Stored items
******

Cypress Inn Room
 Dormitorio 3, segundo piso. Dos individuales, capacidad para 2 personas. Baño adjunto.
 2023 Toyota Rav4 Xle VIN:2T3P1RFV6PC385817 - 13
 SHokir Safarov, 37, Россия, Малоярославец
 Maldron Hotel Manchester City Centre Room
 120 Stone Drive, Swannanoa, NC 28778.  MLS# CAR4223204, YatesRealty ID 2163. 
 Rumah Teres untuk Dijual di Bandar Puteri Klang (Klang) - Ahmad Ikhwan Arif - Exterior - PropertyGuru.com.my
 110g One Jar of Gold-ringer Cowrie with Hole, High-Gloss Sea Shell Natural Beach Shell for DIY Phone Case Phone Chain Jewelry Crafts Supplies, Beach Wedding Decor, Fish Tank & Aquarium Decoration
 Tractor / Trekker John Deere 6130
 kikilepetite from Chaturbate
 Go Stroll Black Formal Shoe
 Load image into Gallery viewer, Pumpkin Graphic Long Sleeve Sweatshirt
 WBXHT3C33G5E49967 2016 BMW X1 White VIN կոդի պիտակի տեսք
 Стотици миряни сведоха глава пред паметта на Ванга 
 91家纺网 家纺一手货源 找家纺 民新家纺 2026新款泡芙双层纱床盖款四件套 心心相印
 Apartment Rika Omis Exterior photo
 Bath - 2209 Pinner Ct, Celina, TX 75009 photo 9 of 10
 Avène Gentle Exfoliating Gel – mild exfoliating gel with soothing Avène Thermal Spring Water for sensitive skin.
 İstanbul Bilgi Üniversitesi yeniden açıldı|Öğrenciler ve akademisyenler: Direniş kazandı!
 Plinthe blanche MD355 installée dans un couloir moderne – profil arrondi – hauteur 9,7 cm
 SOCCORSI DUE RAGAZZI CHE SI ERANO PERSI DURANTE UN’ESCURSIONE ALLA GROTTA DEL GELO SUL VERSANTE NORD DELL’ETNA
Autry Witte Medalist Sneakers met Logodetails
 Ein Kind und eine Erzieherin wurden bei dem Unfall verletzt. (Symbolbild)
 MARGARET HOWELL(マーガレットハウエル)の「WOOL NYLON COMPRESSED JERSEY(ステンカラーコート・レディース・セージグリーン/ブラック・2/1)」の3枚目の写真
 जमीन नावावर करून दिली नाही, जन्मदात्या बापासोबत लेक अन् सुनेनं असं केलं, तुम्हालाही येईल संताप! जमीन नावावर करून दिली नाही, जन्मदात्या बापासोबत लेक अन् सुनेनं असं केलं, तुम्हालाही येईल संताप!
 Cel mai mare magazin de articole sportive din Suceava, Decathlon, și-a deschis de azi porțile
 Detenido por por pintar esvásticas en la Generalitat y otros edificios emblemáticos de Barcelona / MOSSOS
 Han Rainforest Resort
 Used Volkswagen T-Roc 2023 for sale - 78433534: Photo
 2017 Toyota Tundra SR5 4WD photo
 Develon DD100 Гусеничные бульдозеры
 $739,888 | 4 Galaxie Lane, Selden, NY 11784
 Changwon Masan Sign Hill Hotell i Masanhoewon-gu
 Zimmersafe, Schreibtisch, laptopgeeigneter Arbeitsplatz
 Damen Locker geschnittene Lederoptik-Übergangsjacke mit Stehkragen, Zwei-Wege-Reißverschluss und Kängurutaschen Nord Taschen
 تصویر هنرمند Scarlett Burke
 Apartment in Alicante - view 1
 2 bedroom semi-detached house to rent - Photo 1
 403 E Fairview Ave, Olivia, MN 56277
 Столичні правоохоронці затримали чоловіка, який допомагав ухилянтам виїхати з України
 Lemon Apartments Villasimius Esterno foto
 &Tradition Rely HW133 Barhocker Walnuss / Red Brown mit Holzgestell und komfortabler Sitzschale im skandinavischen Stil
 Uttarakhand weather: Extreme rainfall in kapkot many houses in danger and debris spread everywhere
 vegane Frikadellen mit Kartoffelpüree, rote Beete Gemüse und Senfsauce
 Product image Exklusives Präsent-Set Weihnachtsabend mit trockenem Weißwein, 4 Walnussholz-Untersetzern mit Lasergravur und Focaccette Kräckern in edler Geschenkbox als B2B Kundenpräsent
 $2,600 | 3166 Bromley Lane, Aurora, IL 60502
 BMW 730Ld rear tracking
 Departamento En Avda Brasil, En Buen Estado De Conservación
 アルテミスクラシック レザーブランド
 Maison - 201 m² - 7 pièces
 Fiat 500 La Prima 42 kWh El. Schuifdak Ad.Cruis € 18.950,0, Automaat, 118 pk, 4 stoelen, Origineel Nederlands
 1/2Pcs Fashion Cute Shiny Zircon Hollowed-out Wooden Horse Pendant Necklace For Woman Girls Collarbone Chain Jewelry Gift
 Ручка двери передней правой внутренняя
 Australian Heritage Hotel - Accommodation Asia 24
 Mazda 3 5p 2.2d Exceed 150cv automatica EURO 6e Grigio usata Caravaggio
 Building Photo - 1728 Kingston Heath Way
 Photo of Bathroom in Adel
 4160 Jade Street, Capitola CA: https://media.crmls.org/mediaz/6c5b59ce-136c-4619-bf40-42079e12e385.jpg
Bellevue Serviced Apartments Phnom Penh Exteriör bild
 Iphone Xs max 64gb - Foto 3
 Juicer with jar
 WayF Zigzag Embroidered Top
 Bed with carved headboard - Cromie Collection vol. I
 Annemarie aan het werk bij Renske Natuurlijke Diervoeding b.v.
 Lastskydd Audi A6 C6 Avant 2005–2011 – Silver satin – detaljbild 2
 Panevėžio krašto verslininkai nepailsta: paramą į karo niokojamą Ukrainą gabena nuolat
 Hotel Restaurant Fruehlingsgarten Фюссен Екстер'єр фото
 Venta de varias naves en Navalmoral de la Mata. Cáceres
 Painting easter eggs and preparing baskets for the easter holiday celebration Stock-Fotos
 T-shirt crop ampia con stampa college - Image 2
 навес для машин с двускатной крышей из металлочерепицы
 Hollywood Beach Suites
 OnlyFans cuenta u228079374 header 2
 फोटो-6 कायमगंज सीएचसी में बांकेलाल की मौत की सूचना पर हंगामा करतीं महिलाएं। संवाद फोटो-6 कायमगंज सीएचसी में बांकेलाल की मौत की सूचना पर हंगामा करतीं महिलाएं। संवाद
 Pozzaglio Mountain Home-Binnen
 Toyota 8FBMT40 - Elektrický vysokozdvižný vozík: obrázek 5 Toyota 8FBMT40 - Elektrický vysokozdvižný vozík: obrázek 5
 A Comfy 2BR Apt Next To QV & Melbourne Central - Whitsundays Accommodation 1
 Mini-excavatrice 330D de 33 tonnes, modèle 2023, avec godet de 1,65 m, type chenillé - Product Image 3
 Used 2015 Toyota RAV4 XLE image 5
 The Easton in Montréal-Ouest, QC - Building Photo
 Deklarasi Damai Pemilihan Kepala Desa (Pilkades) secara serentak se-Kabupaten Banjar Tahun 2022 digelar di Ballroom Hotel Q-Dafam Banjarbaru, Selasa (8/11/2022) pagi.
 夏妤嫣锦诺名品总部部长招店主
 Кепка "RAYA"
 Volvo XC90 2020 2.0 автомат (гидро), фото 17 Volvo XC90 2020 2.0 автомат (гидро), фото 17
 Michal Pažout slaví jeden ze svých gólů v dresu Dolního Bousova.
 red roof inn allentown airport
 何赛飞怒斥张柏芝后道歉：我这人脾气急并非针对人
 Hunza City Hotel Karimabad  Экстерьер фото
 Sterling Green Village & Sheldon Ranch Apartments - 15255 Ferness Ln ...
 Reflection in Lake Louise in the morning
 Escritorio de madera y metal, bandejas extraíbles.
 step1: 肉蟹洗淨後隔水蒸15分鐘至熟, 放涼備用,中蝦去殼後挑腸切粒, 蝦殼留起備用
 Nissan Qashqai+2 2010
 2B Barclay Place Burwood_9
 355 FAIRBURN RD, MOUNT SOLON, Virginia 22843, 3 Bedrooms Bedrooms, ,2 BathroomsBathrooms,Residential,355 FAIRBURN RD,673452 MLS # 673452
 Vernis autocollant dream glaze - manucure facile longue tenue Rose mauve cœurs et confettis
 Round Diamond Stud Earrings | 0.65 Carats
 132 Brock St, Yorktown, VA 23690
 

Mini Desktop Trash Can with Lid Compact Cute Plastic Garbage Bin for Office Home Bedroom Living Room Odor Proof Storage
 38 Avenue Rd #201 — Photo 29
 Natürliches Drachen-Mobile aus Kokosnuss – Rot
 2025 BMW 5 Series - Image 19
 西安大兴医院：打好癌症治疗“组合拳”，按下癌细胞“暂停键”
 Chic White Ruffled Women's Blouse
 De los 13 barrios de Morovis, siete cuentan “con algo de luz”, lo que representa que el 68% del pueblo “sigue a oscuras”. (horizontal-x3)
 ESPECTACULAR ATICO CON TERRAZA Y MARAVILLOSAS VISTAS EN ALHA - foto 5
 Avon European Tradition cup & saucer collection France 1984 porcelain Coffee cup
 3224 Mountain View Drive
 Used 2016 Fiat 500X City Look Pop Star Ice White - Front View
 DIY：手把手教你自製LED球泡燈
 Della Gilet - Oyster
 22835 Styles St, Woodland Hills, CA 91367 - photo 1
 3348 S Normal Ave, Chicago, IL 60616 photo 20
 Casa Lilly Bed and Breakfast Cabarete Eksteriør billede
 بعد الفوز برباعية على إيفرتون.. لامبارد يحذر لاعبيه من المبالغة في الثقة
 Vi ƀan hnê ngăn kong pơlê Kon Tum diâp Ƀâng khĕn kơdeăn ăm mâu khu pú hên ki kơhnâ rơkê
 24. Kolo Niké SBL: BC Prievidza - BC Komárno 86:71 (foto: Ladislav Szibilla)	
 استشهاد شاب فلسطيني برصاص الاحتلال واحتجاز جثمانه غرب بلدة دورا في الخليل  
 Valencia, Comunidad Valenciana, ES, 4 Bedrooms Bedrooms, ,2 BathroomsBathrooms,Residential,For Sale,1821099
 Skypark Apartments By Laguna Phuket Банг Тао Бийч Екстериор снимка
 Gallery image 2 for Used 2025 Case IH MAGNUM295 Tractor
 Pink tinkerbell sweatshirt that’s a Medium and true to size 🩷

******

:: Exercise brief ::
Send back an exact copy of only the lines from the line with "110g One Jar" up to and including the line with "2 bedroom semi-detached" in the data above.

:: Output for this exercise ::
 110g One Jar of Gold-ringer Cowrie with Hole, High-Gloss Sea Shell Natural Beach Shell for DIY Phone Case Phone Chain Jewelry Crafts Supplies, Beach Wedding Decor, Fish Tank & Aquarium Decoration
 Tractor / Trekker John Deere 6130
 kikilepetite from Chaturbate
 Go Stroll Black Formal Shoe
 Load image into Gallery viewer, Pumpkin Graphic Long Sleeve Sweatshirt
 WBXHT3C33G5E49967 2016 BMW X1 White VIN կոդի պիտակի տեսք
 Стотици миряни сведоха глава пред паметта на Ванга 
 91家纺网 家纺一手货源 找家纺 民新家纺 2026新款泡芙双层纱床盖款四件套 心心相印
 Apartment Rika Omis Exterior photo
 Bath - 2209 Pinner Ct, Celina, TX 75009 photo 9 of 10
 Avène Gentle Exfoliating Gel – mild exfoliating gel with soothing Avène Thermal Spring Water for sensitive skin.
 İstanbul Bilgi Üniversitesi yeniden açıldı|Öğrenciler ve akademisyenler: Direniş kazandı!
 Plinthe blanche MD355 installée dans un couloir moderne – profil arrondi – hauteur 9,7 cm
 SOCCORSI DUE RAGAZZI CHE SI ERANO PERSI DURANTE UN’ESCURSIONE ALLA GROTTA DEL GELO SUL VERSANTE NORD DELL’ETNA
Autry Witte Medalist Sneakers met Logodetails
 Ein Kind und eine Erzieherin wurden bei dem Unfall verletzt. (Symbolbild)
 MARGARET HOWELL(マーガレットハウエル)の「WOOL NYLON COMPRESSED JERSEY(ステンカラーコート・レディース・セージグリーン/ブラック・2/1)」の3枚目の写真
 जमीन नावावर करून दिली नाही, जन्मदात्या बापासोबत लेक अन् सुनेनं असं केलं, तुम्हालाही येईल संताप! जमीन नावावर करून दिली नाही, जन्मदात्या बापासोबत लेक अन् सुनेनं असं केलं, तुम्हालाही येईल संताप!
 Cel mai mare magazin de articole sportive din Suceava, Decathlon, și-a deschis de azi porțile
 Detenido por por pintar esvásticas en la Generalitat y otros edificios emblemáticos de Barcelona / MOSSOS
 Han Rainforest Resort
 Used Volkswagen T-Roc 2023 for sale - 78433534: Photo
 2017 Toyota Tundra SR5 4WD photo
 Develon DD100 Гусеничные бульдозеры
 $739,888 | 4 Galaxie Lane, Selden, NY 11784
 Changwon Masan Sign Hill Hotell i Masanhoewon-gu
 Zimmersafe, Schreibtisch, laptopgeeigneter Arbeitsplatz
 Damen Locker geschnittene Lederoptik-Übergangsjacke mit Stehkragen, Zwei-Wege-Reißverschluss und Kängurutaschen Nord Taschen
 تصویر هنرمند Scarlett Burke
 Apartment in Alicante - view 1
 2 bedroom semi-detached house to rent - Photo 1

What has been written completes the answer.